Shua, sosoknya berakselerasi dengan ganas.
Tidak diketahui siapa yang mengatakannya, tetapi ketika berlari menyelamatkan diri, Anda tidak harus menjadi yang tercepat… asalkan Anda lebih cepat daripada orang-orang yang berlari bersama Anda.
Kata-kata itu memang benar adanya!
Kini, lelaki tua Tingkat Alas Spiritual itu semakin mendekat, hanya beberapa meter dari Ling Han.
“Dasar gendut sialan!” Ling Han mengumpat. Dia buru-buru menghunus pedangnya, menebasnya secara diagonal; seketika itu juga, sebatang rumput spiritual terpotong, dan dia melemparkannya dengan telapak tangan, menghantamkan ramuan spiritual itu ke arah lelaki tua itu.
“Dasar orang tua malang, jika kau berani mendekat, hati-hati, tuan ini mungkin sedang marah dan semuanya di sini bisa hancur!” katanya sambil tersenyum.
Lelaki tua itu mengulurkan tangannya dan menepis ramuan obat ke samping, segera menunjukkan ekspresi waspada karena takut akan kerusakan yang lebih besar. Dia bertanggung jawab menjaga kebun obat.

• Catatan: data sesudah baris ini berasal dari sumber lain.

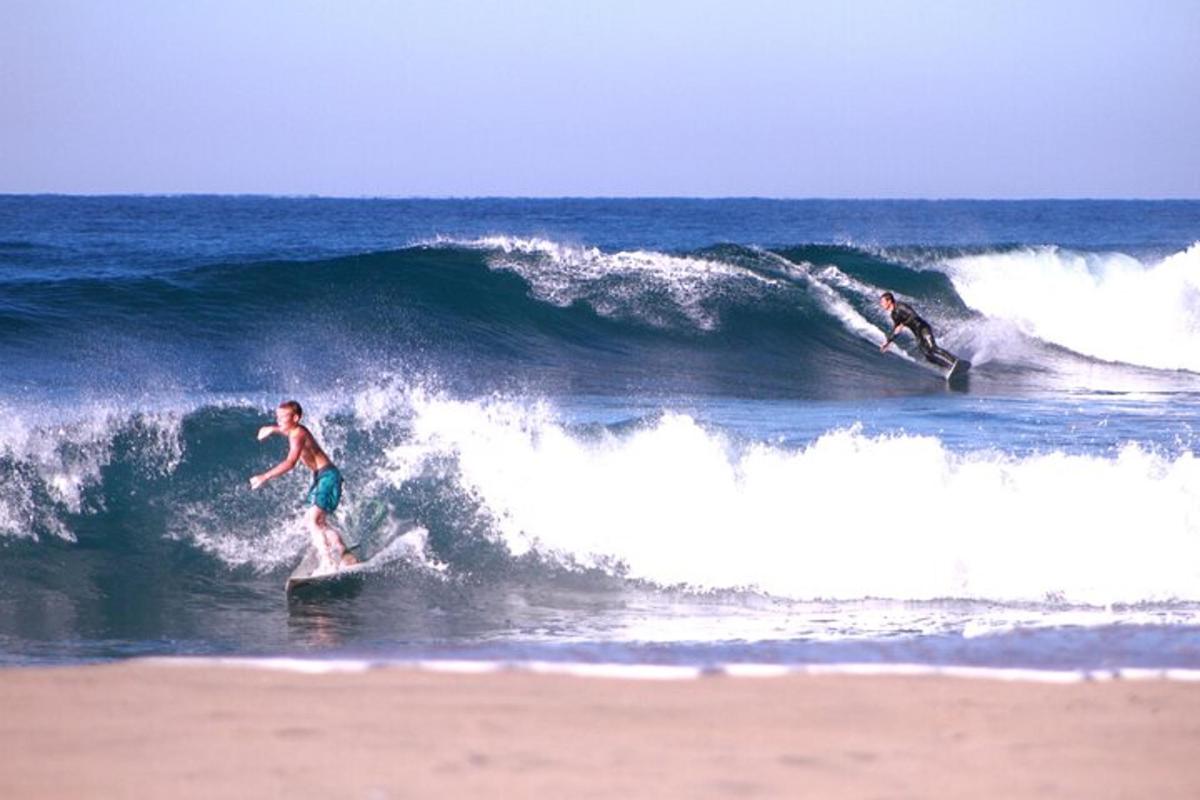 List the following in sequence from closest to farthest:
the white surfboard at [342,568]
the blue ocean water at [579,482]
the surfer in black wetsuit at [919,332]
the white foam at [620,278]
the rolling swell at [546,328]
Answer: the blue ocean water at [579,482] < the white surfboard at [342,568] < the rolling swell at [546,328] < the surfer in black wetsuit at [919,332] < the white foam at [620,278]

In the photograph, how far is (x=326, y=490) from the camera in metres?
9.31

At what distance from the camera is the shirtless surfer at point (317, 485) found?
357 inches

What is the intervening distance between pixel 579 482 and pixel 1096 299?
17.3 m

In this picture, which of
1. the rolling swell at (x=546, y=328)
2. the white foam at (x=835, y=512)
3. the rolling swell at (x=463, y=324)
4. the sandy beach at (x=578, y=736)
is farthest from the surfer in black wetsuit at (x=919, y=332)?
the sandy beach at (x=578, y=736)

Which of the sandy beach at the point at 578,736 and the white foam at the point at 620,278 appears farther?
the white foam at the point at 620,278

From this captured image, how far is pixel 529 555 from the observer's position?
9500mm

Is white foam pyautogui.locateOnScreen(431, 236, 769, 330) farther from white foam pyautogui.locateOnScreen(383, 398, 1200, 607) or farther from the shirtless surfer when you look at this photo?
the shirtless surfer

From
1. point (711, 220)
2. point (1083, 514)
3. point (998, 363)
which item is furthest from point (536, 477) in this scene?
point (711, 220)

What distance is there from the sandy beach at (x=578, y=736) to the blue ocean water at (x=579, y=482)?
0.96 m

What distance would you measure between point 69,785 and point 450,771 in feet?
3.81

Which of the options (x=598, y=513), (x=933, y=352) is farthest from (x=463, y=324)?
(x=598, y=513)

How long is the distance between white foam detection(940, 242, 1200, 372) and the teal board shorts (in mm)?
15340

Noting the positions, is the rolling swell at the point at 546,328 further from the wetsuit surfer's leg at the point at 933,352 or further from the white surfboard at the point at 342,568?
the white surfboard at the point at 342,568

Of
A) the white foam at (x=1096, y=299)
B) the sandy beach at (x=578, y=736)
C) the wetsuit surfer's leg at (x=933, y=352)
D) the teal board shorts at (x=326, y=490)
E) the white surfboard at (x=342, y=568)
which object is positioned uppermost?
the white foam at (x=1096, y=299) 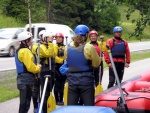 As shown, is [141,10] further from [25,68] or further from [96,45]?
[96,45]

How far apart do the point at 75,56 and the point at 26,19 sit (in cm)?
4006

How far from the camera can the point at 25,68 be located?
7.76 meters

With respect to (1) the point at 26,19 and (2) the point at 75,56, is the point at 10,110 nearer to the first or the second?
(2) the point at 75,56

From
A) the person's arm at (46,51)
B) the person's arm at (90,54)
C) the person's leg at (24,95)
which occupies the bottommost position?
the person's leg at (24,95)

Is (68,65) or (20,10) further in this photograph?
(20,10)

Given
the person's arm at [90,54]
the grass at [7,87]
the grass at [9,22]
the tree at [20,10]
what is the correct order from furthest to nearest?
1. the tree at [20,10]
2. the grass at [9,22]
3. the grass at [7,87]
4. the person's arm at [90,54]

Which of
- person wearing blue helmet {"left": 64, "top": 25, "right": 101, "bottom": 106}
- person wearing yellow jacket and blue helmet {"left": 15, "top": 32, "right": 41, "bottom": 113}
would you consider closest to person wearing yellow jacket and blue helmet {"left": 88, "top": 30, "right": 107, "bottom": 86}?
person wearing yellow jacket and blue helmet {"left": 15, "top": 32, "right": 41, "bottom": 113}

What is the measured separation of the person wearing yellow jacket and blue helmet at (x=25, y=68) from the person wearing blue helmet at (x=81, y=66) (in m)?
0.69

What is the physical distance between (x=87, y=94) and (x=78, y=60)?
558 mm

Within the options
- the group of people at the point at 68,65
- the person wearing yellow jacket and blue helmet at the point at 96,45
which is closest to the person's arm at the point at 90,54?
the group of people at the point at 68,65

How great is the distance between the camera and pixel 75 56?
723cm

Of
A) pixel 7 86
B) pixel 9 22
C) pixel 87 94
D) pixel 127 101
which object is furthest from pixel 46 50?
pixel 9 22

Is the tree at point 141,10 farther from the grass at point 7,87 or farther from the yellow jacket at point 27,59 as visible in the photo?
the grass at point 7,87

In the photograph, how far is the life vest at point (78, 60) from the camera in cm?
720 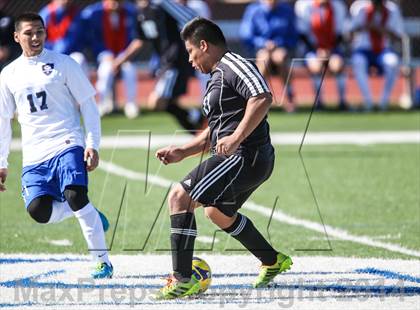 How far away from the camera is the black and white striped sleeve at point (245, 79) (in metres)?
6.32

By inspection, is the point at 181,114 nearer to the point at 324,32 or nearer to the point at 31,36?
the point at 324,32

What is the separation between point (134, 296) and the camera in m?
6.52

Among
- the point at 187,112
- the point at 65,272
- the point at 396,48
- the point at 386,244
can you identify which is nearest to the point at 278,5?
Result: the point at 396,48

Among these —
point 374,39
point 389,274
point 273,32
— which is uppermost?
point 389,274

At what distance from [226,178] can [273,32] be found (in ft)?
43.1

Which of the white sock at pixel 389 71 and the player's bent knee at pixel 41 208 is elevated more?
the player's bent knee at pixel 41 208

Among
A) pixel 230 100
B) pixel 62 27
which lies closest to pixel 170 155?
pixel 230 100

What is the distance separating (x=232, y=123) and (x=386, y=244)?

Jika dia membiarkan tempat itu mengalami kerusakan besar, maka meskipun dia menangkap kedua hama itu, dia tetap akan menerima hukuman berat.
Bagaimanapun juga, tingkat kultivasi kedua orang ini sangat rendah sehingga meskipun mereka kehabisan ramuan di kebun obat, dia masih memiliki kesempatan untuk menyerang tanpa ragu-ragu.
Setelah mengambil keputusan itu, dia memperlambat langkahnya, dan menjaga jarak sekitar tiga puluh meter dari Ling Han, tidak lagi mendekat.
Xiu, xiu, xiu, ketiganya seperti barisan, melompat dengan cepat.
Pintu yang dibuka sebelumnya sudah terlihat, dan Ma Duo Bao adalah orang pertama yang melarikan diri melaluinya; namun, dia tidak pergi dan menunggu di pintu, mengulurkan kedua tangannya dan menunggu saat Ling Han melarikan diri. Shua, shua, shua, kedua tangannya bergerak berulang kali dan seketika merobek ketiga jimat roh itu.
Peng!
Pria tua Tingkat Alas Spiritual itu menerobos pembatas, dan seketika itu juga, kekuatan yang sangat besar dan menakutkan melanda, membuatnya terlempar dan berguling-guling di atas segala sesuatu yang ada di jalannya—siapa yang tahu berapa banyak bunga dan rumput yang telah dihancurkannya.
“Kendalikan kesedihanmu!” Ling Han dan Ma Duo Bao berkata serempak.